Farmers among exporters crossing fingers for no vote on Brexit
South Canterbury sheep farmer Miles Anderson is hoping Britain votes to stick with the European Union when the country goes to the polls this month.
Although campaigning has been put on hold after the death of MP and anti-Brexit campaigner Jo Cox, which way the country will go on June 23 has been described as a 50-50 call.
If the country were to decide to extricate itself, it has been estimated that New Zealand’s exports to the UK could drop by $190 million per year, due to slower British income growth. Brexit could also dampen investment flows out of the UK, restrict the movement of people between the two countries and put a roadblock in the way of existing free-trade talks with the European Union.
The UK accounts for $1.7 billion of New Zealand’s goods exports, or 3.4 per cent of the total. But in some areas, it is dominant. About 50 per cent of our sheep meat exports go to the European Union and 50 per cent of those go to Britain. Other prime exports are wine, apples and honey.
Most primary products enter the UK under preferential agreements negotiated with the European Union. Were Brexit to happen, these agreements would have to be renegotiated.
The UK would have two years to negotiate its departure, during which our trade would officially be unaffected. But Britain’s economy could be dented by the uncertainty of what was ahead, which would flow through to less demand for imports.
Anderson said it was something that was on farmers’ minds as potential future threat. “The hope is that in the interim there could be a New Zealand-negotiated deal. How long that takes is anyone’s guess. Everyone will be lining up for a trade deal with them.”
What it could mean in dollar terms for his business is not clear.
But he said it would be substantial and sheep farmers did not have the capacity to deal with a significant blow to their business. “If dairy farming carries on the way it is for another 30 years then they’ll know what sheep farming is like.”
Ben O’Brien, general manager of market access at Beef + Lamb New Zealand, is watching the situation closely.
New Zealand has a quota to ship 228,000 tonnes of lamb to Europe.
While more demand from China has meant New Zealand hasn’t always fulfilled that quota over recent years, most of the highest-value exports go to Britain.
“[Brexit] could have an impact on our ability to maximise the value we get out of our quota,” O’Brien said.
“During that two-year divorce period there could be considerable uncertainty with how things are likely to turn out and a potential slowdown in trade with the UK. We are concerned about it but there is probably not much we can do.”
He said discussions had already been held with the Government about the possibility of entering a rapid dialogue with the UK and European Community.
It was possible that exports to other markets, such as China, could increase to help offset a dampening in demand, he said. But he said selling to other markets would probably mean getting a lower price.
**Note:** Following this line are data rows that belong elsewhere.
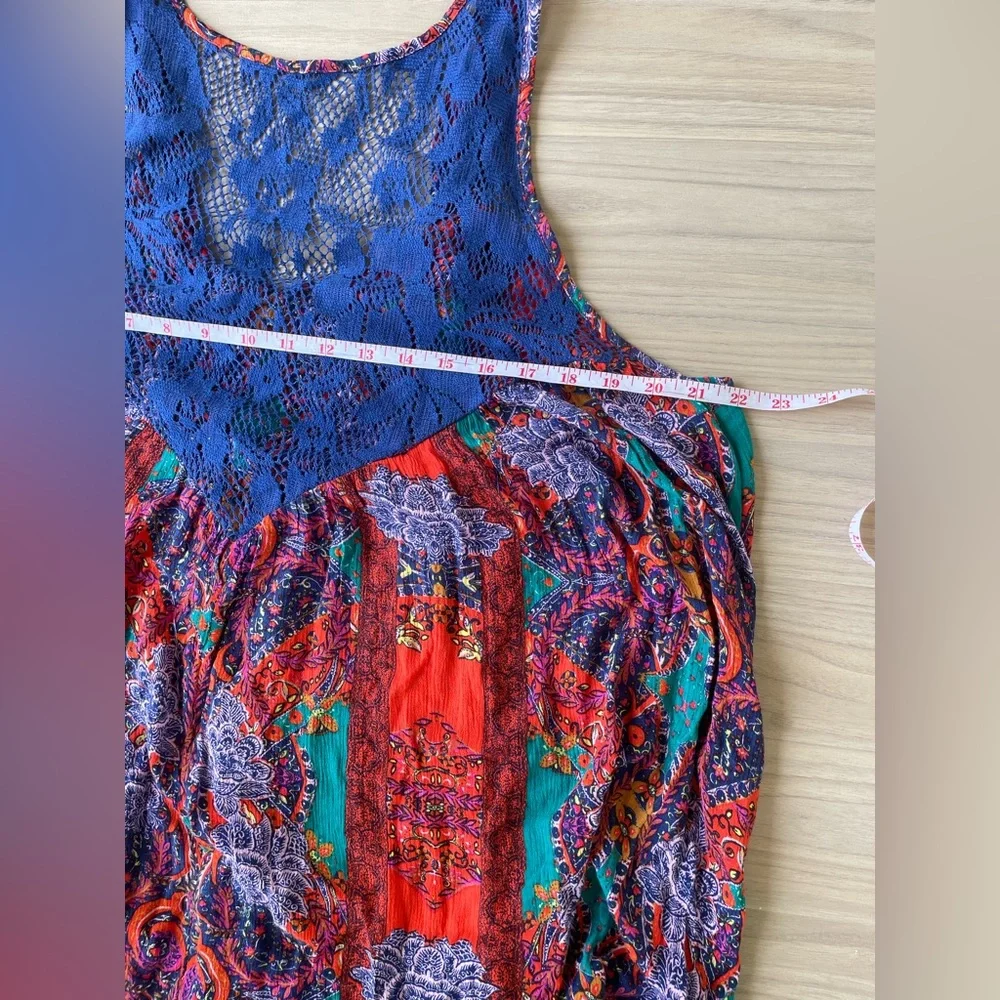 Free People Multicolored Patterned Fabric - Picture 6 of 11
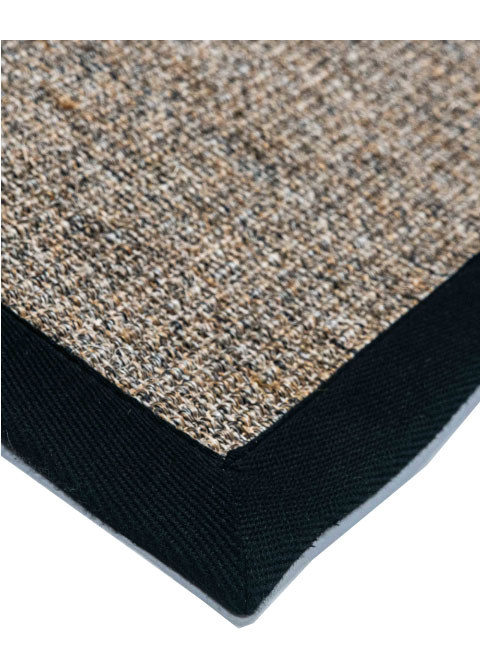 Tapete Moderno Neutro con Borde en Gris Oscuro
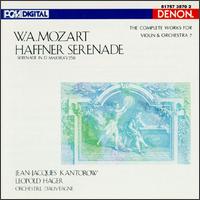 Mozart: The Complete Works for Violin & Orchestra 7 - Jean-Jacques Kantorow (violin); Leopold Hager (conductor)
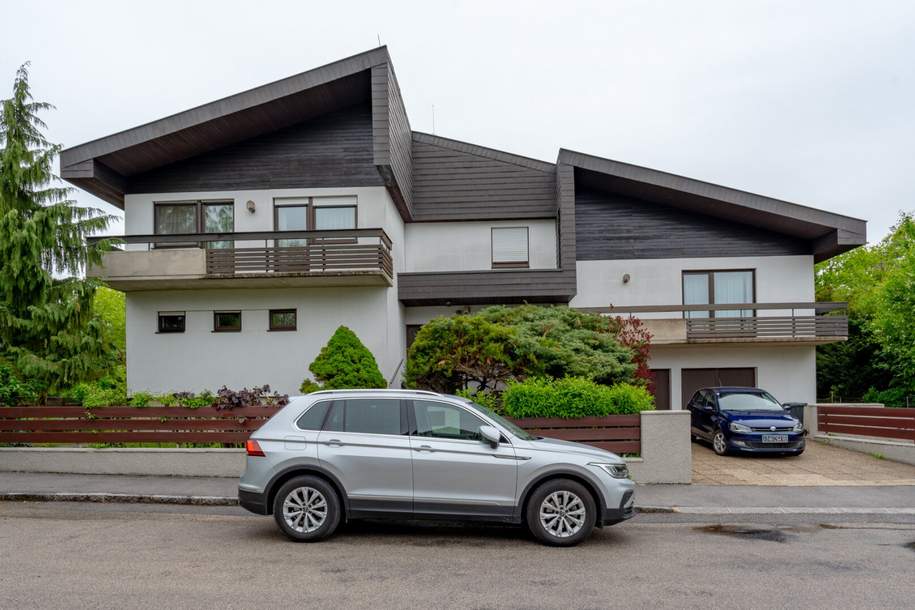 Architektenvilla mit großem Garten, Sauna & Kamin – Ruhelage in einer der besten Wohngegenden Wiener Neustadts, Haus-kauf, 950.000,€, 2700 Wiener Neustadt(Stadt)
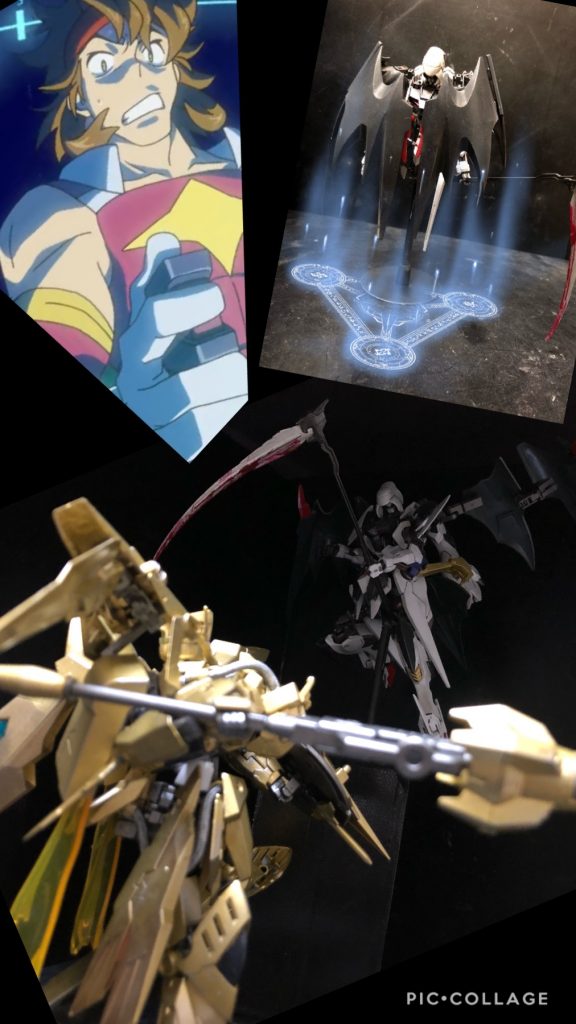 デス「ククク....。我が名は“デス”。ジャンクと化したガンプラに仮初めの命を与え、ジャンクと化したその怨みを拡散させる者なり...。」カザミ「おまえがさっきのギャンを操ってたのか！？」デス「ククク....。その金色のガンプラを作る為に、さっきのギャンを犠牲にしたな？....罪深い...。罪深いな....ククク....！」カザミ「そんな事....！いや、あのギャンまだ使うって！」oyz「それはどうかな？ククク...。」カザミ「おまえが言うなよ！室長！」デス「.....そのガンプラは他のガンプラの犠牲の上に成り立っているのだ。ククク...。」カザミ「だったら何だってんだよ！」デス「.....全てのガンプラは平等でなければならぬ...。ククク、つまり貴様のガンプラも....。」カザミ「ガンプラも？」デス「...ククク......貴様のガンプラも、ジャンクになればいいのだ.....！」カザミ「死神になったああー！？」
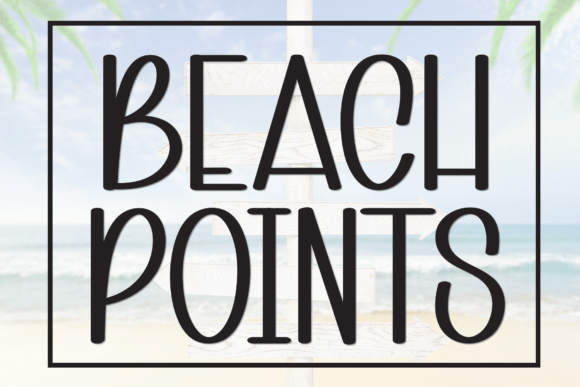 Beach Points Font - Featured Image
Any British economic turmoil could also affect financial markets and factors such as interest rates.
But economist Shamubeel Eaqub said there could be a silver lining. “If the UK retracts back to an insular world there could be an opportunity to rekindle our old colonial ties. New Zealand was very disappointed when Britain joined the European Community and we lost preferential access. If the UK removed itself it might be that New Zealand exporters will be a little more competitive and can expand and deepen the relationship we have with them.”
John Ballingall, of the NZIER, agreed that was possible, although not as likely as a negative outcome.
“In an ideal world for New Zealand, New Zealand and the UK could quickly negotiate a bilateral free-trade agreement that reduced tariffs on industrial goods and possibly expanded quota access for key agricultural products such as lamb.
“But it’s hard to see New Zealand being near the top of the UK’s list of potential free-trade partners, due to our limited market size, an export profile that tends towards some of the UK’s more sensitive sectors and the fact that we are currently seeking to open negotiations with the European Union as a priority. It would take a bold bid from New Zealand’s politicians and officials to put a ‘take it or leave it’ agreement in front of their UK counterparts to secure a quick but high quality deal. Alternatively, the UK could unilaterally lower or remove all of its tariffs to all World Trade Organisation members, including New Zealand.”